Mein Musiker des Jahres

Ein Konzertbesuch, vor allem in klassischen Gefilden, kann zuweilen den Charakter einer musikwissenschaftlichen Vorlesung oder einer emotionalen Offenbarung annehmen, wenn Veranstalter, Komponist und Interpret das dringende Beduerfnis verspueren, erklaeren, begruenden, kommentieren zu muessen. Rettend in diesem Zusammenhang ist der Gedanke an ein Konzert von Bob Dylan. Bei ihm geht Zeit in Musik ueber und Worte werden, wenn ueberhaupt, nur fuer das Noetigste gebraucht – zur Begruessung, Vorstellung der Band und zur Verabschiedung. Am 24. Mai diesen Jahres wurde Dylan 65 Jahre alt. Aus diesem Anlass stellten WDR und BR Martin Scorseses >No Direction Home< vor, eine 225 Minuten waehrende Dokumentation ueber den Kuenstler.

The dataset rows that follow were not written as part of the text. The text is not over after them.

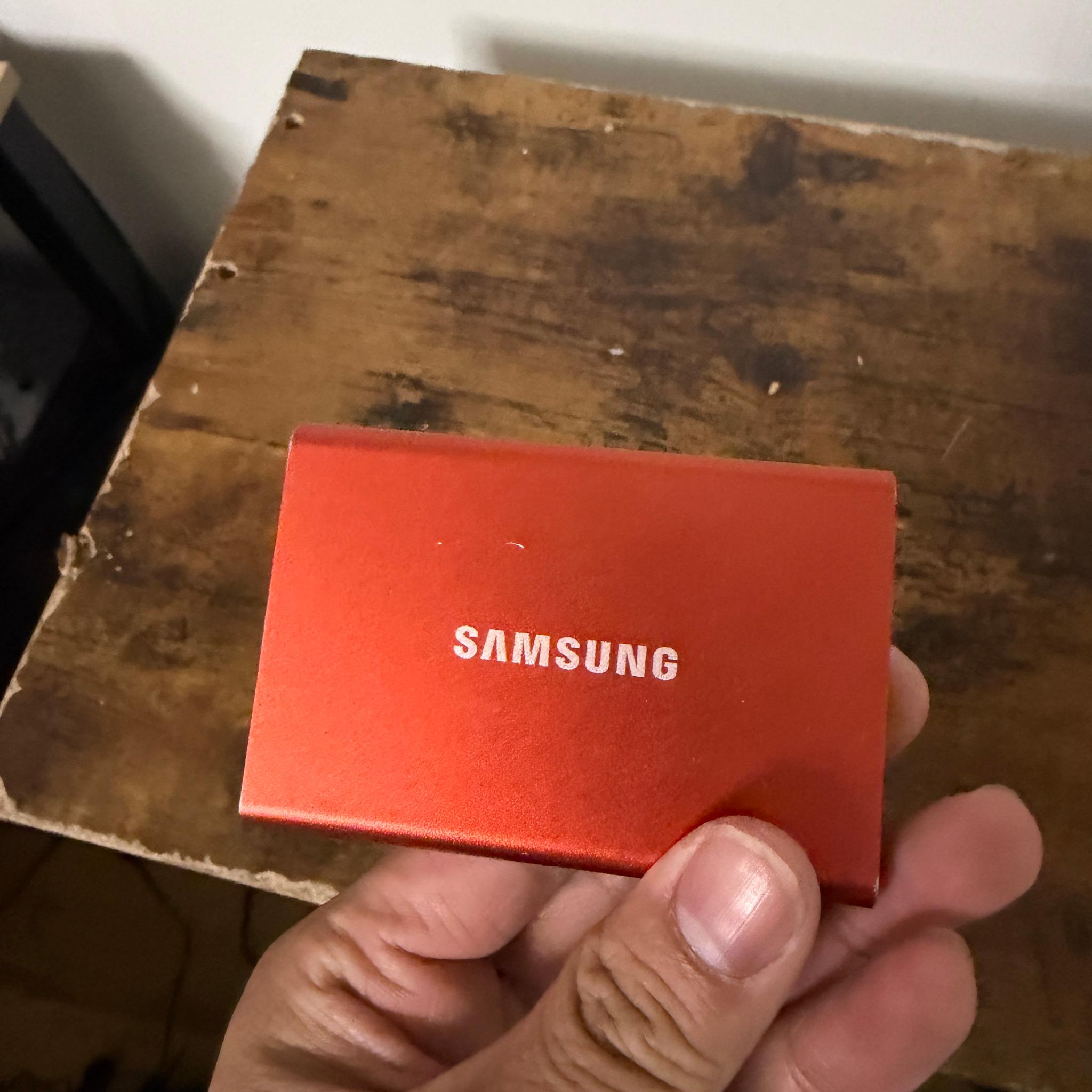 Samsung T7 2tb External SSD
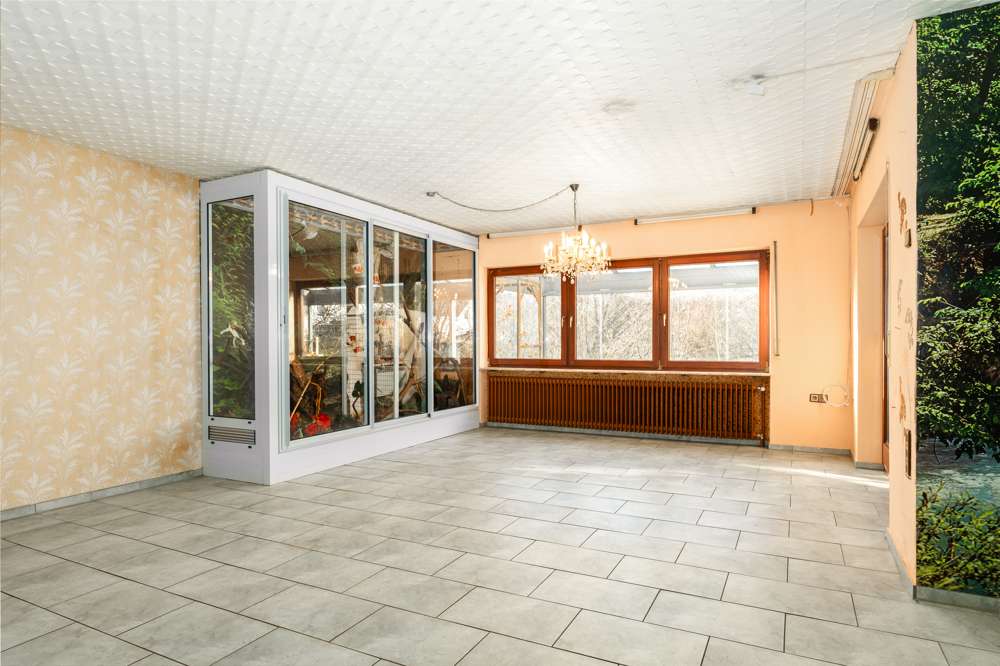 Immobilie in Burgthann - Charmantes Wohnensemble mit Potenzial – Zweifamilienhaus für Ihre individuellen Modernisierungswünsc - Bild 6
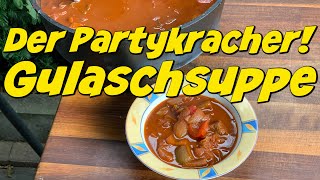 ungarische Gulaschsuppe aus dem Dutch Oven  Gulyásleves  herrlich pikanter Partyklassiker 🔥🔥😋 [upl. by Mariann618]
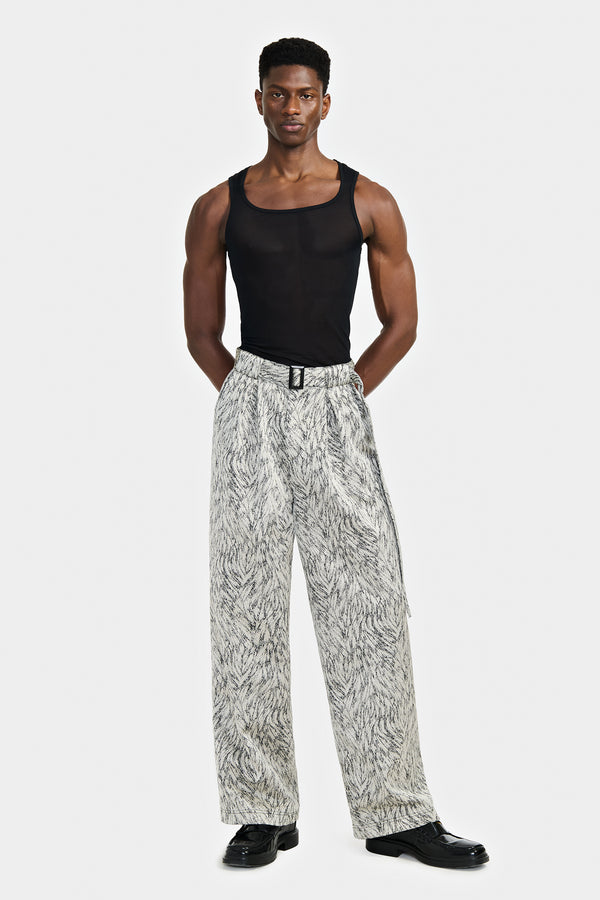 PANTALON LARGE À DOUBLE PLIS ET CEINTURE EN JACQUARD MOTIF FOURRURE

Mit einer Fuelle von Archivaufnahmen und einem den Film begleitenden Interview zeichnet Scorsese Bob Dylans Werdegang nach: von den musikalischen Anfaengen bis zum Jahr 1966, als er sich fuer laengere Zeit aus der Oeffentlichkeit zurueckzog. Die Ausfuehrungen Dylans erlauben intime Blicke auf dessen musikalische Wurzeln, seine Art und Weise zu arbeiten und, eine Quintessenz des Films, auf das Problem, welches entsteht, wenn es nicht mehr nur noch einfach um Musik geht: Der Kuenstler und das Publikum, die Medien, die >Interpreten<; die Kunst und die Politik. Gerade diese Beziehungen werden von dem Hollywood-Regisseur eingehend thematisiert und kulminieren in den Interviews mit der Presse. Analyse, Interpretation, Gespraeche - liesse man Musik einmal Musik sein, haette man manchmal weit mehr davon. Was soll man schliesslich sagen, wenn man nach den >surrealen Botschaften< seiner Songs gefragt wird?